The U.S. attorney’s office in Charlottesville described the suspects as members of a militant racist and anti-Semitic group, the Rise Above Movement, based in California. The four were arrested by FBI agents in California early Tuesday and charged with one count each of violating the federal rioting statute and conspiring to violate it.
The suspects were identified as Benjamin D. Daley, 25, of Redondo Beach; Thomas W. Gillen, 34, of Rondo Beach; Michael P. Miselis, 29, of Lawndale; and Cole E. White, 34, of Clayton.
Authorities said in a statement that the four men traveled to Charlottesville “with the intent to . . . commit violent acts in furtherance of a riot.”
The Aug. 12, 2017, rally, dubbed “Unite the Right” by organizers, descended into a day-long scene of violent clashes involving hundreds of white supremacists and counterprotesters. The mayhem riveted the nation’s attention on the emboldened subculture of ethno-nationalists in the United States.
[Read the court affidavit in the case]
The demonstration was nominally focused on Charlottesville’s public statue of Confederate Gen. Robert E. Lee, which the city wants to remove. A lawsuit filed by Confederate heritage enthusiasts months before the rally has prevented the city from getting rid of the sculpture. A trial in the civil case is set for January.
Amid the violence that day, a self-professed neo-Nazi allegedly rammed his car into another vehicle on a crowded street, killing a counterprotester, Heather Heyer, 32, and injuring 35 other people.
The accused driver, James Alex Fields Jr., now 21, is awaiting trial in a Virginia court on numerous charges, including first-degree murder, and has been charged by federal authorities with multiple hate crimes, one of which carries a possible death sentence.
[‘We lost our naivete’: A year later, Charlottesville remains a wounded city]
White-nationalist figures Richard Spencer and Jason Kessler, both University of Virginia graduates, organized the weekend events just over a year ago, including a Friday-night tiki-torch march.
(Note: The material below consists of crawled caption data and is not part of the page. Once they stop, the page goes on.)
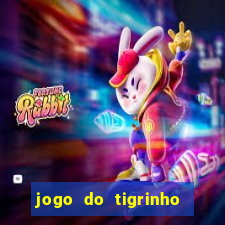 jogo do tigrinho gratis sem deposito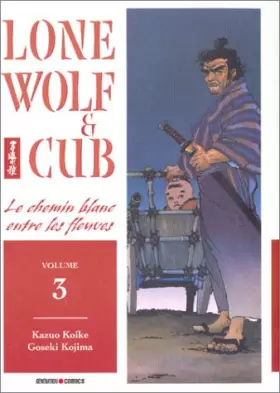Couverture du produit · Lone Wolf & Cub, Tome 3 : Le chemin blanc entre les fleuves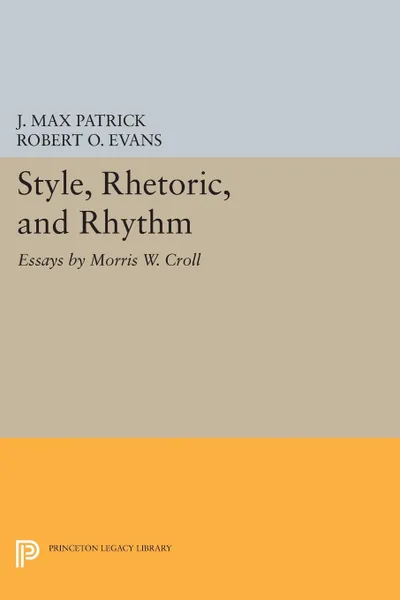 Обложка книги Style, Rhetoric, and Rhythm. Essays by Morris W. Croll, Morris W. Croll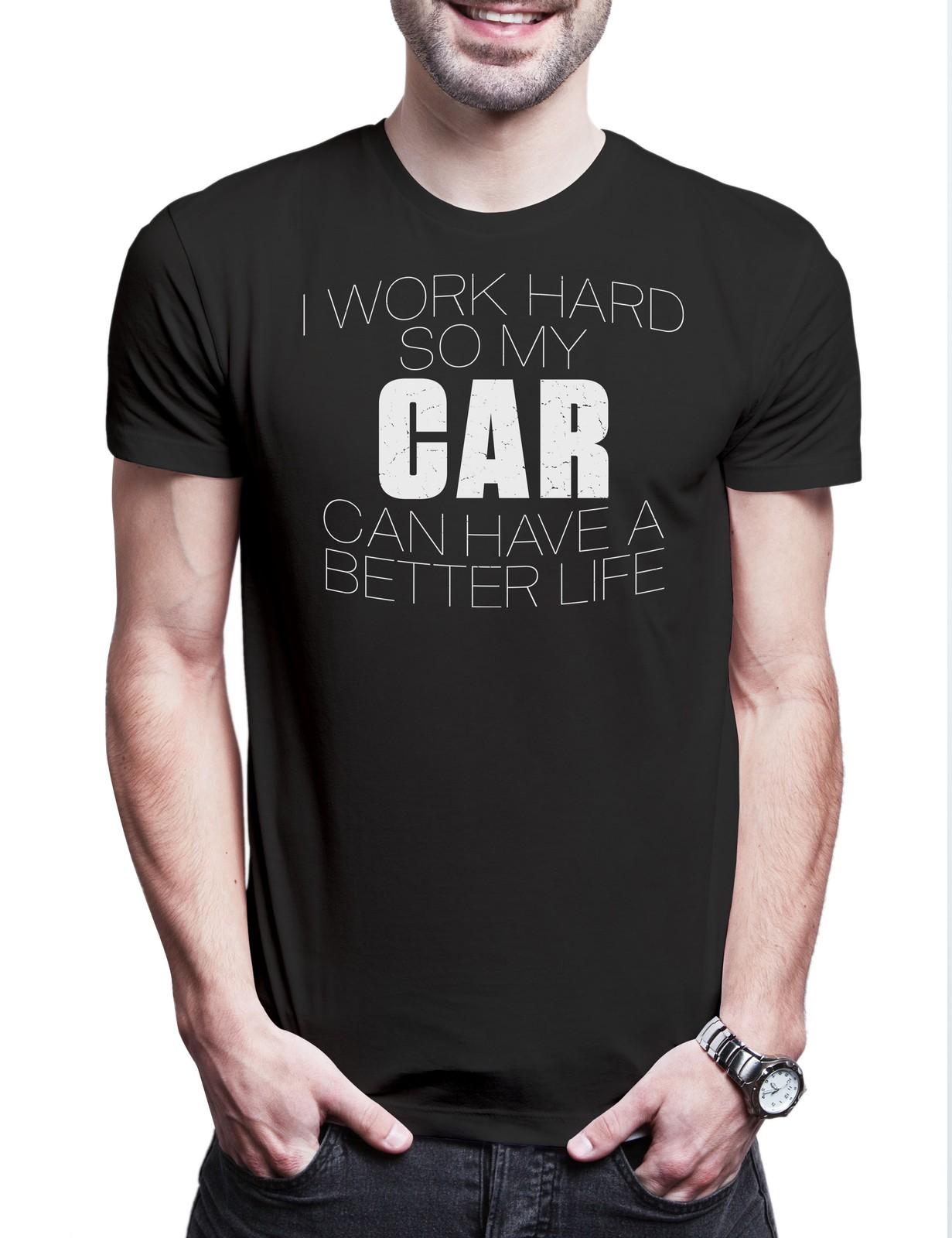 I Work Hard So My Car Can Have A Better Life Herren T-Shirt Car V8 Auto XXXL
The parade was marked by racist and homophobic slurs and chants such as “Jews will not replace us!” and “Our blood, our soil!”
The demonstrators on that Saturday, many armed with guns, clubs and bats, met fierce opposition from community members and anti-fascist protesters. Clashes soon erupted across the city. Law enforcement did not act immediately to break up altercations and stood by while groups battled in front of them.
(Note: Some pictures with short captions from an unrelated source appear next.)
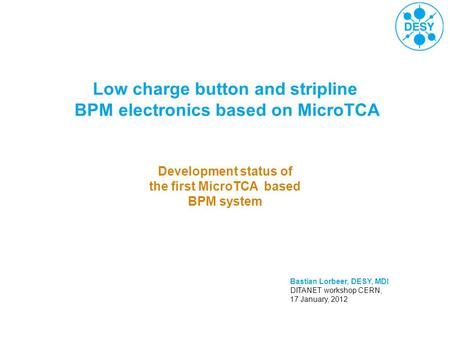 Low charge button and stripline BPM electronics based on MicroTCA Bastian Lorbeer, DESY, MDI DITANET workshop CERN, 17 January, 2012 Development status.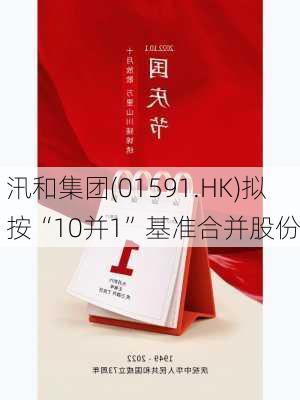 汛和集团(01591.HK)拟按“10并1”基准合并股份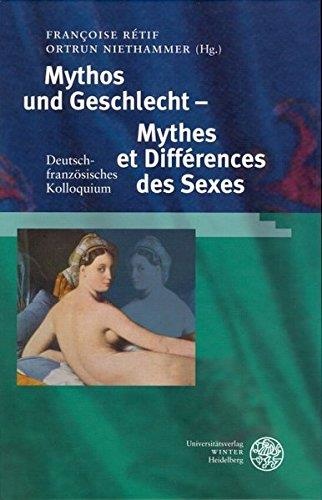 Mythos und Geschlecht - Mythes et Différences des Sexes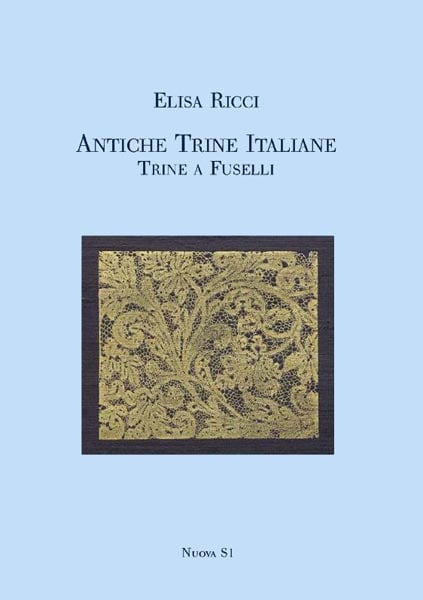 Antiche Trine Italiane -Trine a fuselli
As the marchers and counterprotesters dispersed, there were isolated incidents of violence.
Fields was photographed during the rally carrying a shield with the insignia of Vanguard America, a white-supremacist group that had a large presence at the event. The group later denied that Fields was a member. At the time of his arrest in Charlottesville, he was employed as a security guard.
Fields was arrested within minutes of the allegedly deliberate crash and eventually charged with first-degree murder by Virginia authorities. In the state case, if convicted of all charges, he could be sentenced to up to four life terms plus 110 years in prison.
Months after the rally, in June of this year, the Justice Department obtained a federal indictment charging him with 28 hate crimes related to the multiple victims.
Although one of the counts carries a possible death sentence, it will take months under Justice Department guidelines for prosecutors to decide whether to seek capital punishment.
The impact of the weekend’s events was magnified when President Trump asserted that both the white supremacists and those who protested against them deserved blame.
Dozens of the white supremacists taking part in the rally wore red Make America Great Again hats and were vocal in their support of Trump. At an afternoon news conference on the day of the rioting, Trump condemned “this egregious display of hatred, bigotry and violence on many sides. On many sides.”
David Duke, a former Ku Klux Klan leader and a Trump supporter who was in Charlottesville for the Unite the Right rally, replied to the president, writing, “I would recommend you take a good look in the mirror & remember it was White Americans who put you in the presidency, not radical leftists.”
Later that week, Trump further angered critics when he said that there were “some very fine people” among those who took part in the torchlight procession through the U-Va. campus and the rally.